"If you don't like this, you're seriously not even human."
I did like Les Mis very much, though not so much for its representations of personal tragedy that my friend was no doubt referring to. The solo performances were indeed captivating (especially Robert Cuccioli's portrayal of Javert's sad obsession with law and order), but what really did it for me was the artfully organized chaos of the mob scenes.
As Les Mis is set in revolutionary France, the musical supplies plenty of packed-stage rioting and revelry, but there were three numbers that I thought the CLO ensemble pulled of with especially ferocious aplomb.

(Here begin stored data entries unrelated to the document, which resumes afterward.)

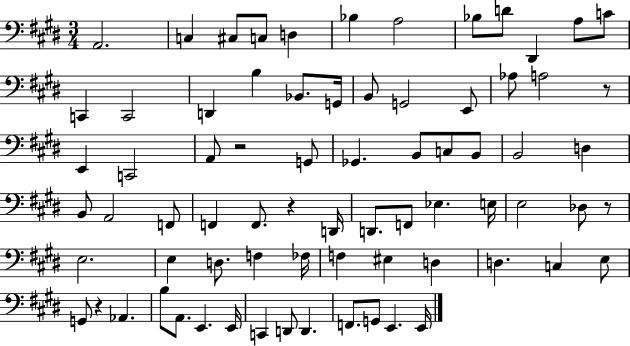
{
  \clef bass
  \numericTimeSignature
  \time 3/4
  \key e \major
  a,2. | c4 cis8 c8 d4 | bes4 a2 | bes8 d'8 dis,4 a8 c'8 | \break c,4 c,2 | d,4 b4 bes,8. g,16 | b,8 g,2 e,8 | aes8 a2 r8 | \break e,4 c,2 | a,8 r2 g,8 | ges,4. b,8 c8 b,8 | b,2 d4 | \break b,8 a,2 f,8 | f,4 f,8. r4 d,16 | d,8. f,8 ees4. e16 | e2 des8 r8 | \break e2. | e4 d8. f4 fes16 | f4 eis4 d4 | d4. c4 e8 | \break g,8 r4 aes,4. | b8 a,8. e,4. e,16 | c,4 d,8 d,4. | f,8. g,8 e,4. e,16 | \break \bar "|."
}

This number took all the grime and glamor of 19th century prostitution and raised it to a colossal exponent -- a feat that's even more impressive when you consider they did it with clothes on. The song was a kind of see-saw "duet" between the titular females and their boorish pimps, wherein the raunchy thrusts of a half-dozen couples obeyed the swells and dips in the orchestration. Apparently, sex-on-the-street-corner is, somewhat paradoxically, even filthier when well-choreographed.
"Master of the House"
Overly-stylized choreography can sometimes infringe on a scene's verisimilitude, especially if that scene happens to unfold in a sleazy inn full of drunk peasants. But Barry Ivan (who directs as well as choreographs) found the perfect intersection of synchronicity and sloppy here. Thénardier (Tim Hartman) stood on a chair and did a pompous knee bend as his inn guests wove and stumbled below him.
"Red and Black"
Poor Marius (Mathew Scott). He finds love at first sight just as revolutionary fervor hits the boiling point in Paris. If this happened in real life, Marius might have told a few friends who might have given him sympathetic pats on the back, but this is Les Mis, where, instead, his buddies have booming and sonorous voices and join him in an incendiary celebration-cum-lament about love and war.